The authors wrote a very alarmist conclusion to the paper, but their results just don’t support the nearly hysterical tone of warning. Yes, you can detect minute concentrations of arsenic and cadmium in tea, but they don’t exceed even the most stringent safety levels, even if you drink a liter of tea every day. There doesn’t seem to be any real cause for concern here, especially if you steep your tea for a normal amount of time (which most people do anyway, since steeping for 15 minutes makes the tea very bitter and unpalatable).
The bottom line: this paper doesn’t suggest any need to stress out about toxins in tea.
Conclusion: To Tea or Not To Tea?
This was a really long article, so here’s a brief summary:
- Tea may have some health benefits, especially for blood lipids and blood pressure.
- Tea contains antioxidants, although there’s no significant variation among types.
- Tea also contains caffeine and other stimulants, again, with no significant variation among types.
- Studies so far have shown no reason to be afraid of fluoride or heavy metal contamination at normal consumption levels.

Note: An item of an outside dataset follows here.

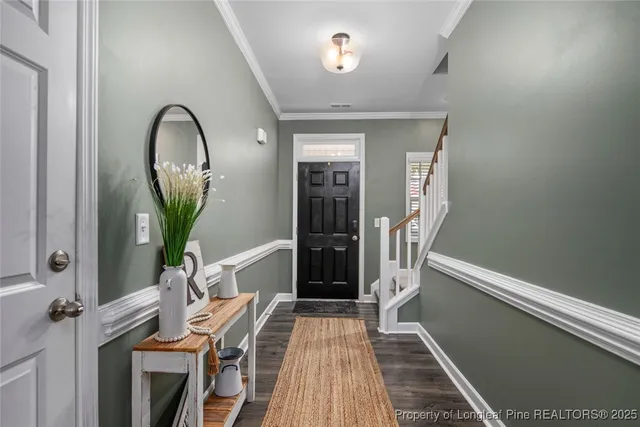 a view of a livingroom with furniture and entryway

So should you drink it or not? On this one, the best guide is to follow your own preferences. If you like the energy boost from the caffeine and other stimulants, drink it. If you like the taste, drink it. If you want an interesting substitute for plain water or coffee, drink it. If the ritual of tea-drinking helps bring a little calm to your day, refreshes your mind, or comforts you when times get tough, drink it.
On the other hand, if you hate tea, or get jittery from the caffeine, don’t drink it! You’re not missing out on some mystical set of health benefits only available to dedicated green-tea devotees. Ultimately, tea is an optional food: drink it for pleasure if you like, but don’t force it down if you don’t.